Python redis and celery too many clients, differen

2019-07-28 21:00发布

I am currently working on an app, which has to process several long running tasks. I am using python 3, flask, celery, redis.

I have a working solution on localhost, but on heroku there are many errors and every execution of the app triggers everytime a different set of errors. I know it cant be random so I am trying to figure out where to start looking.

I have a feeling something must be wrong with redis and I am trying to understand what clients are and where they come from, but I am not able to find an official documentation or explanation on this topic.

Question:

If the redis server is started (even on localhost) many clients are connected, eventough I haven't done anything. On heroku (I am using heroku-redis) I always have 6 clients, on localhost 11 clients.

I have done some research and I am able to display them with:

if 'DYNO' in os.environ:
    redis_db = redis.StrictRedis(host='HOST', port=15249, password='REDISDBPW')
else:
    redis_db = redis.StrictRedis()

# see what keys are in Redis
all_keys = redis_db.keys()
print (all_keys)

all_clients = redis_db.client_list()
print (all_clients)

I see all these clients but the information there doesn't help me at all. What are they? Why are they there? Where are they coming from?

All the heroku redis add-ons have a client limit, so I need to understand and optimize this. First I thought clientsnumber == tasknumber, but thats not it.

In total I have 12 tasks defined, but I am testing now with 2 tasks (both finish in less than 30 sec.).

When I execute the tasks on localhost the clients increase, from 11 to 16. If I execute once again from 16 to 18 and after this they always stay at 18 doesnt matter how often I execute the tasks.

So what is going on here? I have 2 tasks, why the clients increase from 11 to 16 and then from 16 to 18? Why are they not closed after the task is finished?

I am struggling with the whole issue now for a few days (eventhough it always works perfectly on localhost) so any help or ideas are welcome.
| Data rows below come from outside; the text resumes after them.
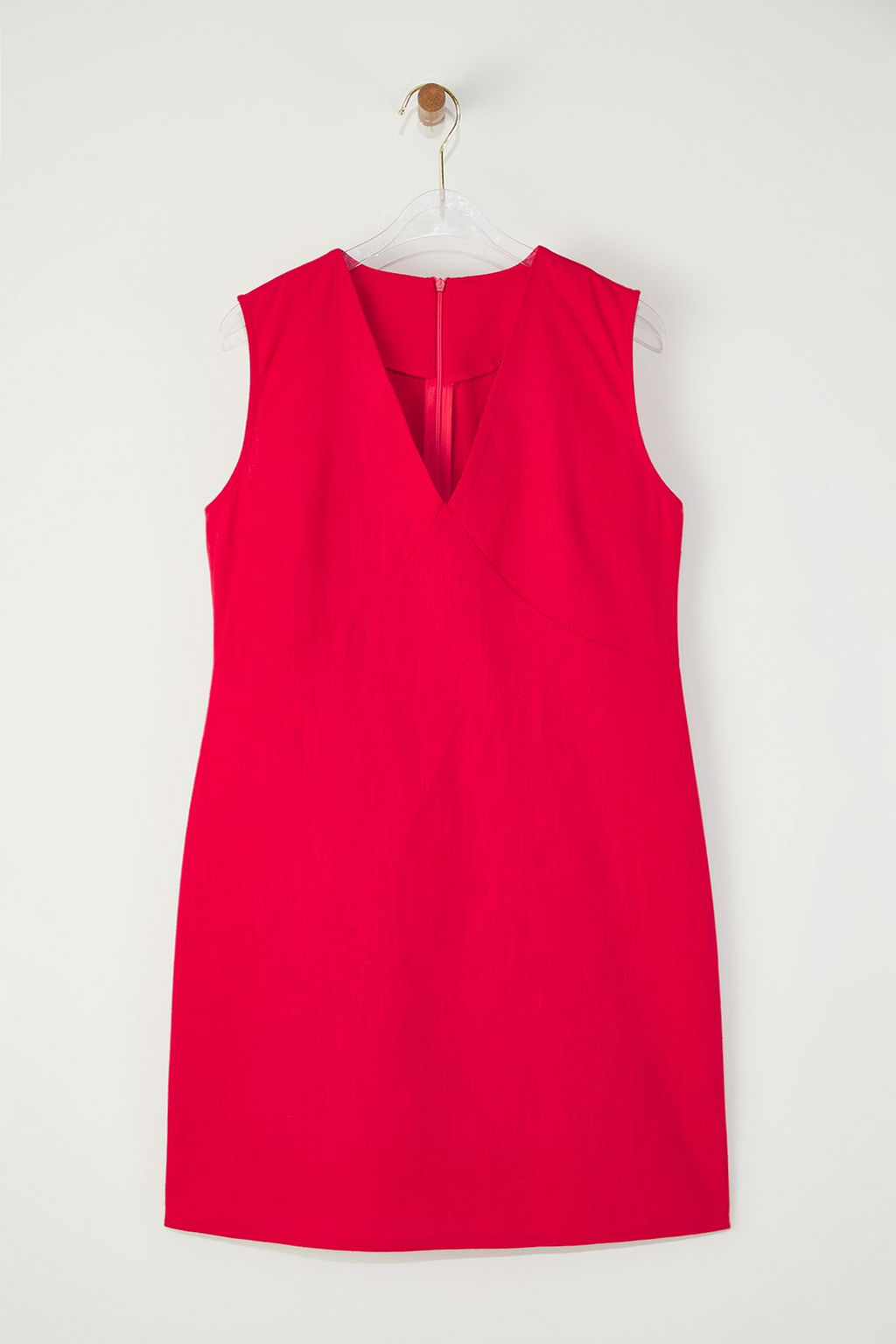 Trendyolmilla K?rm?z? Keten Kar?s?ml? A Kesim Mini Dokuma Elbise TWOSS25EL00645  фото 5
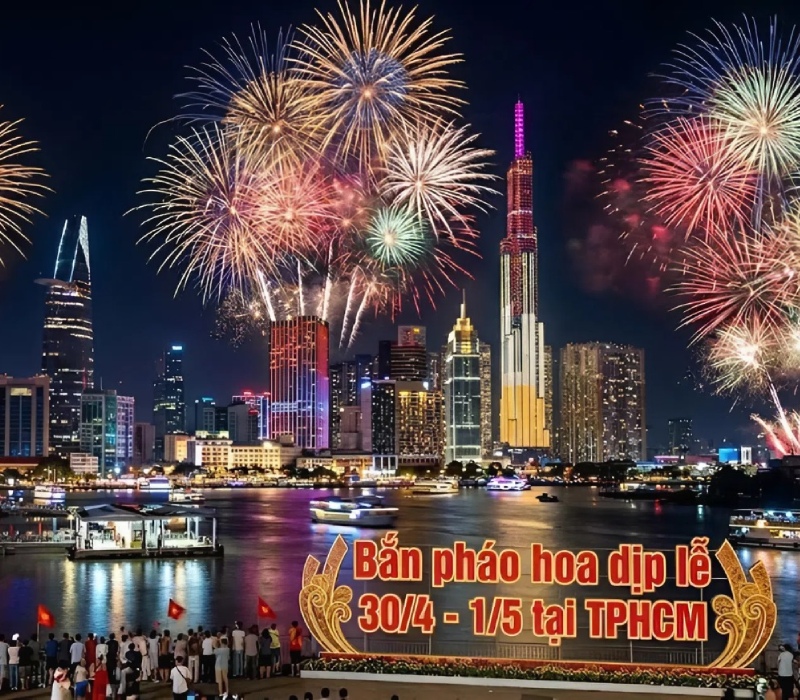 Bắn pháo hoa dịp lễ 30/4 2026 tại TP.HCM: Lịch bắn, địa điểm và hoạt động chi tiết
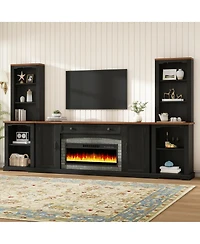 Streamdale Furniture 3-Piece Electric Fireplace Entertainment Center for TVs Up to 70"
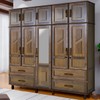 Guarda-Roupa Casal Suécia Madeira Maciça 10 Portas 4 Gavetas com Espelho Imbuia - Pnr Móveis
I need to start looking somewhere, so currently I am trying to understand the clients.

EDIT:

I installed flower and tryed to monitor the 2 tasks on localhost, everything looks good. It processes two tasks and both succeed in a few seconds. The return value is correct (but it always worked great on localhost).

Still the issue is, after I started flower the amount of clients jumped to 30. I still have no clue: what are clients? With the amount of client I generate I would need a 100$ add-on to just process two tasks, which need a few seconds to finish, this cant be true, I am still thinking something is wrong with redis, even on localhost.
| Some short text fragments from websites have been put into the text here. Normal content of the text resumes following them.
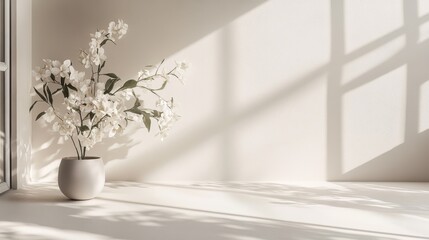 Fototapeta premium Elegant arrangement of white flowers in a light-filled room.
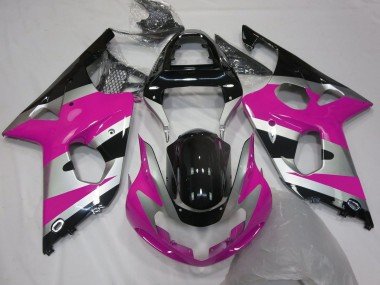 2000-2002 Pink Silver Glossy Black OEM Style Suzuki GSXR 1000 Motorcycle Fairings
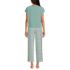 Women's Knit 2 Piece Pajama Set - Dolman Cap Sleeve Tee and Crop Pants, Back
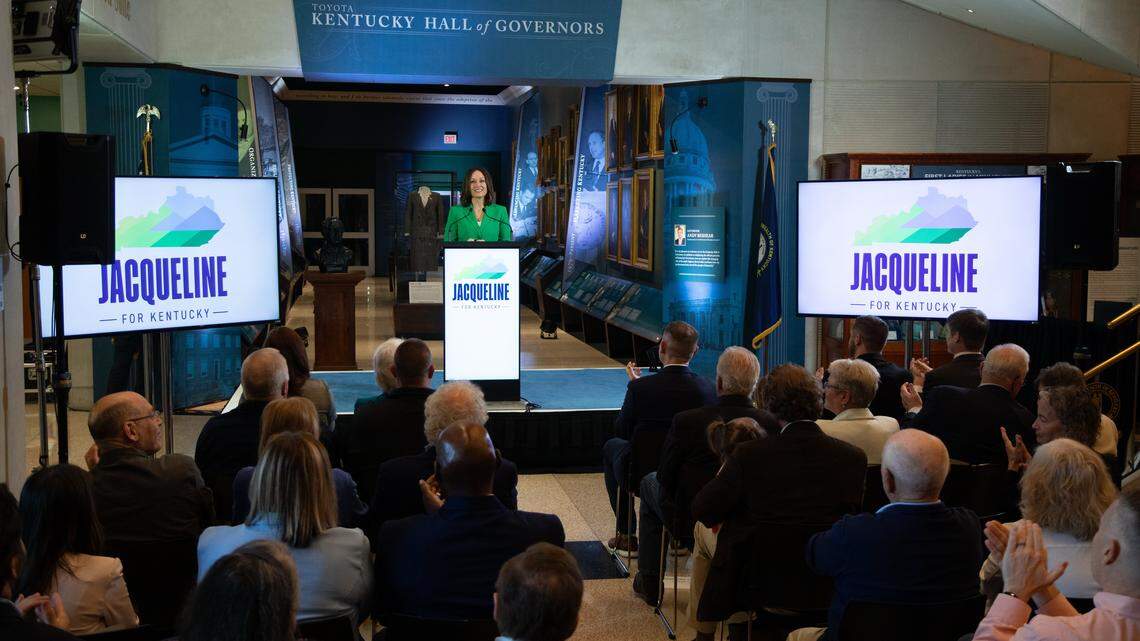 Lt. Gov. Jacqueline Coleman announced at the Kentucky History Center in Frankfort her run for Governor. April 20, 2026.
My redis setup is pretty simple:

if 'DYNO' in os.environ:
    app.config['CELERY_BROKER_URL'] = 'redis://[the full URL from the redis add-on]'
    app.config['CELERY_RESULT_BACKEND'] = 'redis://[the full URL from the redis add-on]'
else:
    app.config['CELERY_BROKER_URL'] = 'redis://localhost:6379/0'
    app.config['CELERY_RESULT_BACKEND'] = 'redis://localhost'

celery = Celery(app.name, broker=app.config['CELERY_BROKER_URL'], backend=app.config['CELERY_RESULT_BACKEND'])

Here is an example of a task:

@celery.task(bind=True)
def get_users_deregistrations_task(self, g_start_date, g_end_date):

    start_date = datetime.strptime(g_start_date, '%d-%m-%Y')
    end_date = datetime.strptime(g_end_date, '%d-%m-%Y')
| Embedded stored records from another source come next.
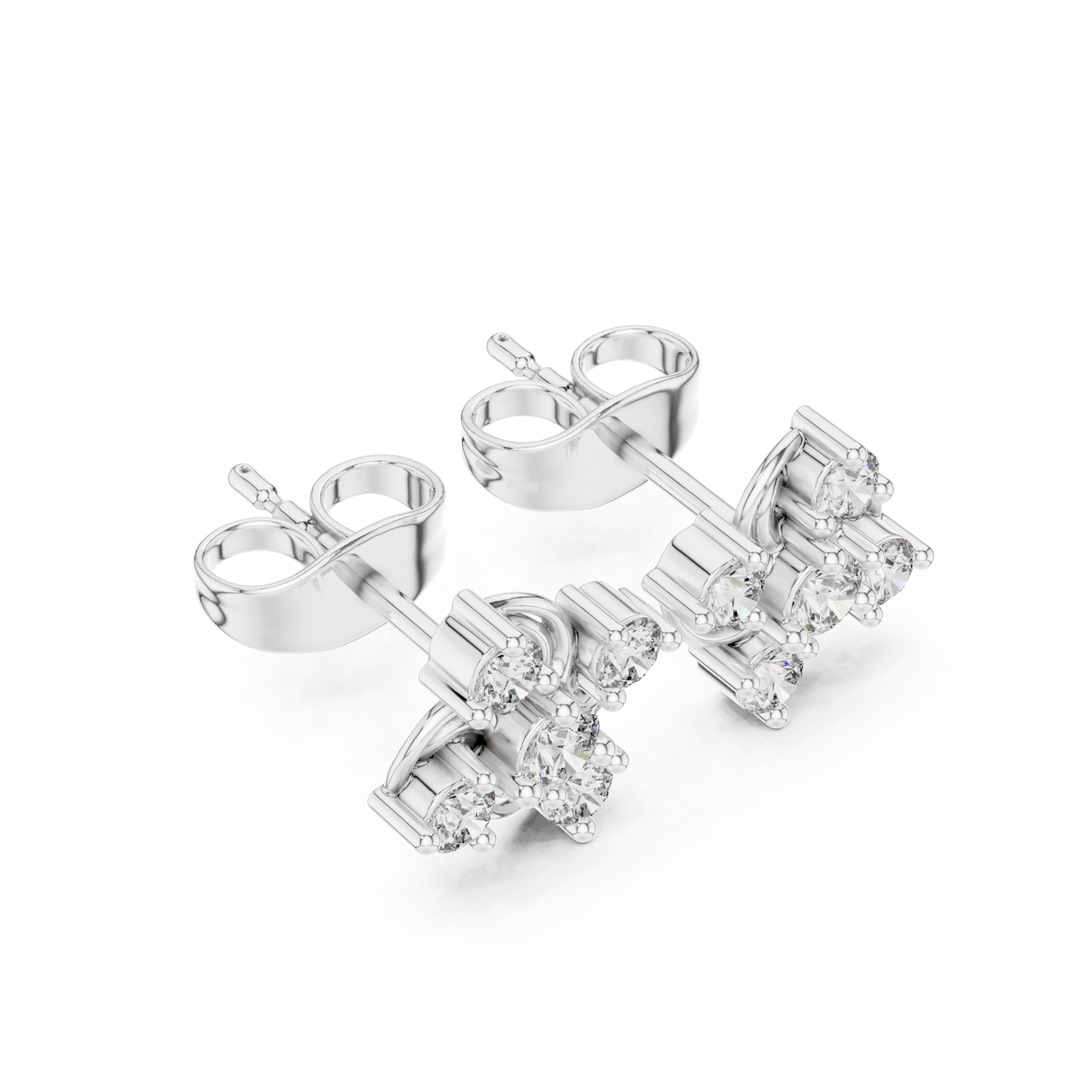 Diamond Seven-Stone Floral Petal Cluster Studs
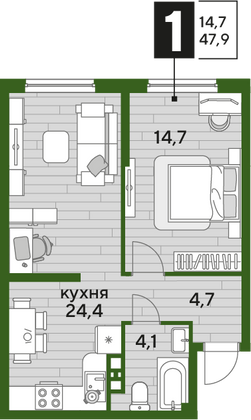 Продажа 1-комнатной квартиры 47,9 м², 8/16 этаж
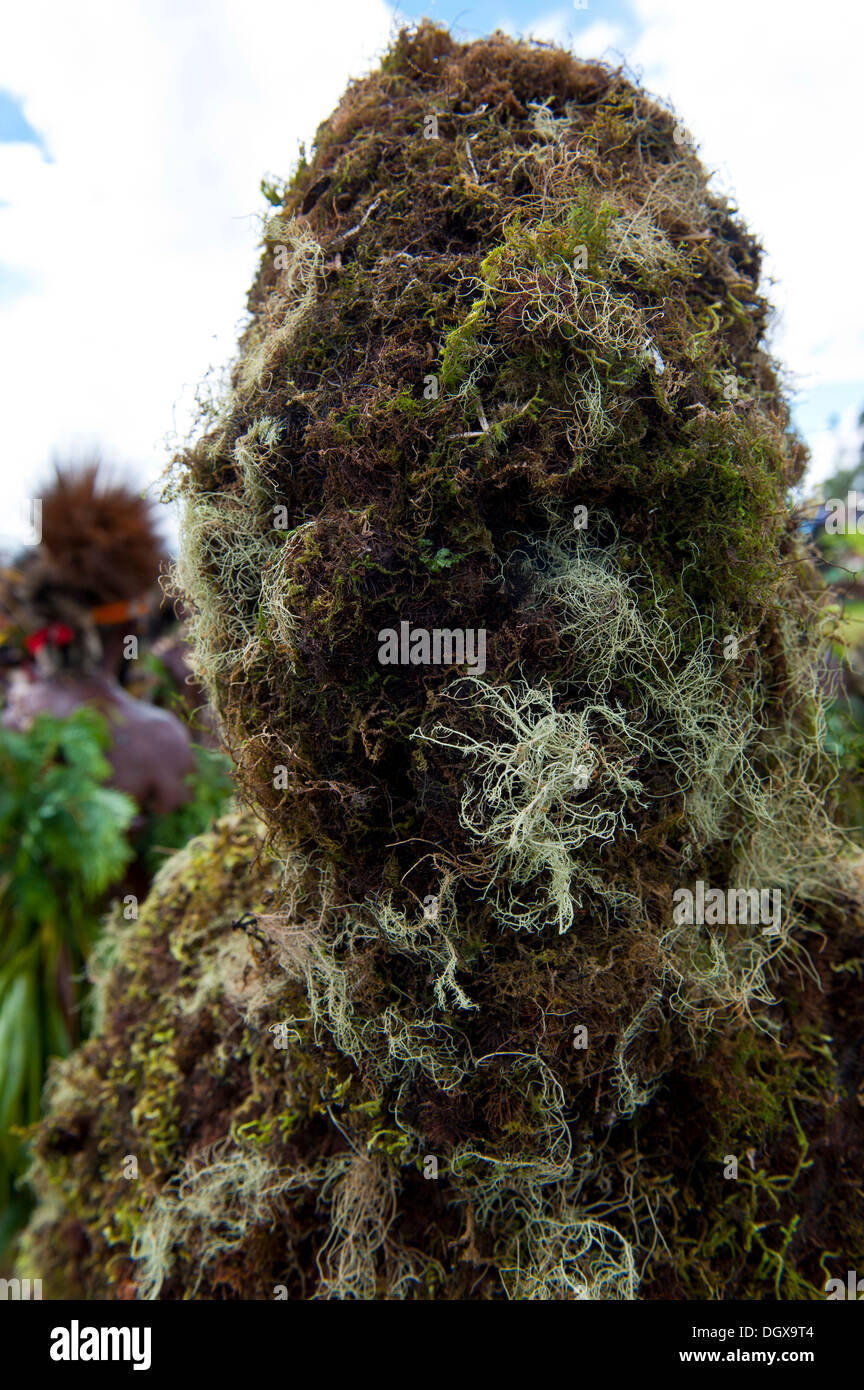 L'uomo coperto di moss presso il tradizionale sing-sing raccolta, Hochland, Mount Hagen, Highlands Occidentali, provincia di Papua Nuova Guinea Foto Stock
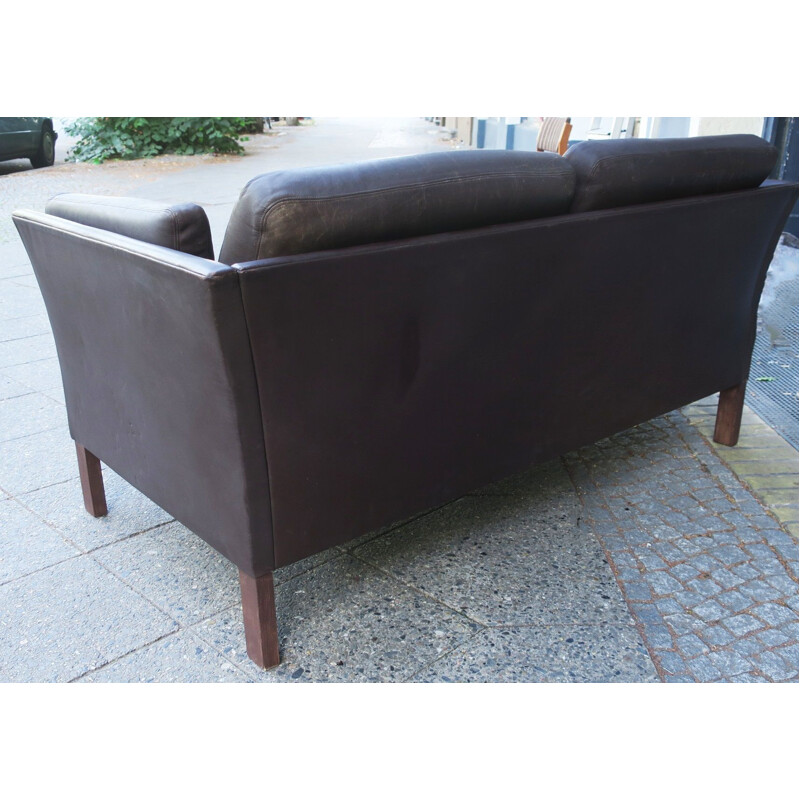 Vintage 2 Seater Danish Leather Sofa Illums Bolighus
    a1 = db_session.query(func.sum(UsersTransactionsVK.amount)).filter(UsersTransactionsVK.date_added >= start_date, UsersTransactionsVK.date_added <= end_date, UsersTransactionsVK.payed == 'Yes').scalar()
    a2 = db_session.query(func.sum(UsersTransactionsStripe.amount)).filter(UsersTransactionsStripe.date_added >= start_date, UsersTransactionsStripe.date_added <= end_date, UsersTransactionsStripe.payed == 'Yes').scalar()
    a3 = db_session.query(func.sum(UsersTransactions.amount)).filter(UsersTransactions.date_added >= start_date, UsersTransactions.date_added <= end_date, UsersTransactions.on_hold == 'No').scalar()

    if a1 is None:
        a1 = 0

    if a2 is None:
        a2 = 0

    if a3 is None:
        a3 = 0

    amount = a1 + a2 + a3

    return {'some_value' : amount}

# Selects user deregistrations between selected dates
@app.route('/get-users-deregistration', methods=["POST"])
@basic_auth.required
@check_verified
def get_users_deregistrations():
    if request.method == "POST":

        # init task
        task = get_users_deregistrations_task.apply_async([session['g_start_date'], session['g_end_date']])
        return json.dumps({}), 202, {'Location': url_for('taskstatus_get_users_deregistrations', task_id=task.id)}

@app.route('/status/<task_id>')
def taskstatus_get_users_deregistrations(task_id):
    task = get_users_deregistrations_task.AsyncResult(task_id)
    if task.state == 'PENDING':
        response = {
            'state': task.state,
            'current': 0,
            'total': 1,
            'status': 'Pending...'
        }
    elif task.state != 'FAILURE':
        response = {
            'state': task.state,
            'current': task.info['current'],
            'total': task.info['total'],
            'status': 'Finished',
            'statistic': task.info['statistic'],
            'final_dataset': task.info     
        }
        if 'result' in task.info:
            response['result'] = task.info['result']
    else:
        print ('in else')
        # something went wrong in the background job
        response = {
            'state': task.state,
            'current': 1,
            'total': 1,
            'status': str(task.info),  # this is the exception raised
        }
    return json.dumps(response)

EDIT:

Here is my procfile for heroku:

web: gunicorn stats_main:app
worker: celery worker -A stats_main.celery --loglevel=info

EDIT

I am thinking the issue might be the connection pool (on the redis side), which I am not using properly.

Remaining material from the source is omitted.